I'm on my phone so I can't see which thread  you posted to but it's a good question to ask.

 

As far as lyrics go, you need to look at the bigger picture really to get to your answer.  Imagine the song.  If you can hear the music, there is certain music for verse sections, and then  a change happens and we are hearing different music and  then another change back to verse music and then maybe a third and a fourth movement.  Add an introduction and a strum at the end wand you have a song's worth of music.  

 

Verse length is determined by what is happening, it could be 8 bars, but I've seen more.  I've seen songs that have no chorus at all, others that start with the chorus.
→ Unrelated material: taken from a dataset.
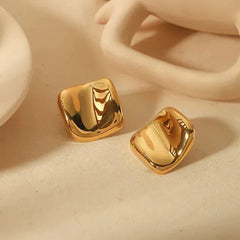 Bold & Curved Golden Earrings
If you want a patern to go by, you can do a standard song form of 8 bars, 8 bars, 8 bars, 8 bars,  where the first, second and fourth sections are written as verse sections but the third is written as bridge.  It's a common song form.  But you don't have to stick to the lyrics being 8 bars, you could think of there being only five bars of lyrics inside the 8 bars of music and you could see where there would be more atmosphere to set a mood musically.  And you can come around again with the third section again.  Normally the refrain will either be the first line of 1,2 and 4 section or the last line of them.  If you seperate the refrain out of the rest of the stanza, you may be be up with 6 lines of lyrics in what looks like a consistent verse structure, and a couple of lines for the refrain, which looks like a chorus now.  Do that for all the sections and it ends up as verse chorus verse chorus bridge verse chorus.  Line length, and stanza length will be derived from tempo and melody.  

 

For me, there is no set answer and I always think of the saying "there are no rules, only rules of thumb.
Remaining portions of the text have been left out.